Task details:
Where the records below reach the line containing "Reuniones. El embajador", start transcribing, and end with the line containing "lululemon athletica Pants", exactly and with nothing else added.

Supplied information:

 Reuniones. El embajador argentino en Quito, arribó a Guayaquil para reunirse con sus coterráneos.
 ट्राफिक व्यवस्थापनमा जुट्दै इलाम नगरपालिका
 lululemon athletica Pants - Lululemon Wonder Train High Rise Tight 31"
--
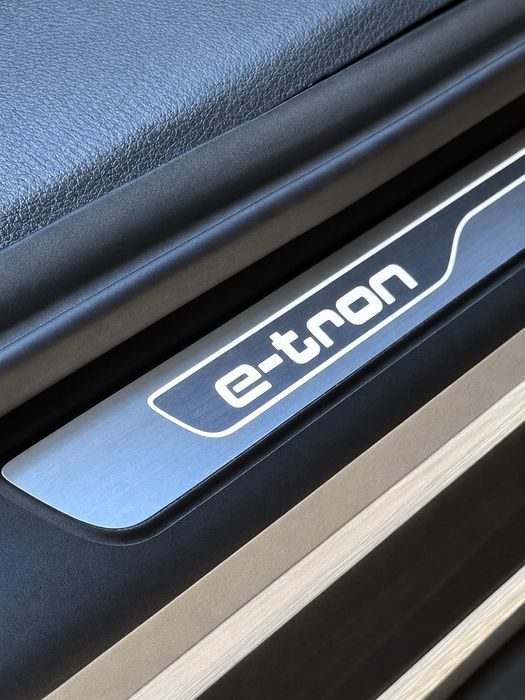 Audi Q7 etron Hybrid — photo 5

Response to the task:
 Reuniones. El embajador argentino en Quito, arribó a Guayaquil para reunirse con sus coterráneos.
 ट्राफिक व्यवस्थापनमा जुट्दै इलाम नगरपालिका
 lululemon athletica Pants - Lululemon Wonder Train High Rise Tight 31"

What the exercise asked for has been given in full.